By Elizabeth Matthews
Fairview Heights, Ill (KSDK) -- Parents of about 150 students in Fairview Heights are not looking forward to next Monday's first day of school.
Their bus routes have been cut and they say their children will have to walk to school next to busy roads and through neighborhoods with sex offenders.
The Fairview Heights Grant School District is losing about $160,000 of Illinois state transportation funding, so they've cut their bus routes from eight to four.
"It puts a real hardship on parents who work who don't stay home," says parent Chris Jundt.
"My biggest concern is the safety of the children," says parent Jason Lane.
These are just two dads who are trying to figure out how their kids will get to and from school, now that their bus routes have been cut. All live within a mile and a half radius of the middle or elementary school.
Jundt and Lane say they are worried about child predators, walking during bad weather conditions and walking so close to traffic on the highway overpass, not to mention the distance.

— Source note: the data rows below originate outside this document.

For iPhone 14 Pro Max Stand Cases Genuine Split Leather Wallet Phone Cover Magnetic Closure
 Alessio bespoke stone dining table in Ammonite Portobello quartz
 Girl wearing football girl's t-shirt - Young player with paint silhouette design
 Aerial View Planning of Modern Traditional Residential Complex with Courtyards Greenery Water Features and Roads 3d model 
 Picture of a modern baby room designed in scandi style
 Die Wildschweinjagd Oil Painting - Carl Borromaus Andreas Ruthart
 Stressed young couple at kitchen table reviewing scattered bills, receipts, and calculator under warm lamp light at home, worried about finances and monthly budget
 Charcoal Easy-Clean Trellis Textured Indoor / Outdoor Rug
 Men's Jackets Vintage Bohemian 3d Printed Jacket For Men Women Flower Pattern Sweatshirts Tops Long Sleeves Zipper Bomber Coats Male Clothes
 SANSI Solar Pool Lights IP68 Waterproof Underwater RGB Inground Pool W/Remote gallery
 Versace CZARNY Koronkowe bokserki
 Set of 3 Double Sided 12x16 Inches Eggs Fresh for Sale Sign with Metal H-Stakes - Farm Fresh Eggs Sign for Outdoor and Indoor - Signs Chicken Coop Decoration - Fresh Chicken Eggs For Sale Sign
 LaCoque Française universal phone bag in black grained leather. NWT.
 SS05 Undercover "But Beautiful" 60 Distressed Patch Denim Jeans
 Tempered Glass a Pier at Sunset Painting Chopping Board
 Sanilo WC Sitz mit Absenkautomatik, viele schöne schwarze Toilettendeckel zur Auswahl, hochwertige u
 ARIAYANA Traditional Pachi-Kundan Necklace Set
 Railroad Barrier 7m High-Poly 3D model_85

"You never know it's just going to take one time for someone to get ran over or hit," says Lane.
"This isn't a decision that myself or the board wanted to do it," says Superintendent Matt Stines.
He says the district understands it's a hardship and the fault lies with budget cuts in the state.
So why can't they just take money from another department?
"When money is levied in taxes for say building fund, it has to go to building purposes, same for education and same for transportation," explains the superintendent.
Parents say the district knew about this for months, but instead of warning them they sprung it on them at fall registration this July.
"24th is when parents knew about it at registration, I didn't get the bus routes until the 23rd," says the superintendent. "It's where we are at and financially we don't have any other choice."
"20 years ago, it wasn't a big deal for me to walk to school, now it is a big deal for some safety factors that are out there," says Jundt.
NewsChannel 5 did some checking and there are approximately two dozen registered sex offenders within five miles of the school district's headquarters.
The school district is trying to help parents by keeping the school open longer for later pick-up, trying to put carpooling parents in touch with each other and working with St. Clair County to put up a guardrail on the highway overpass.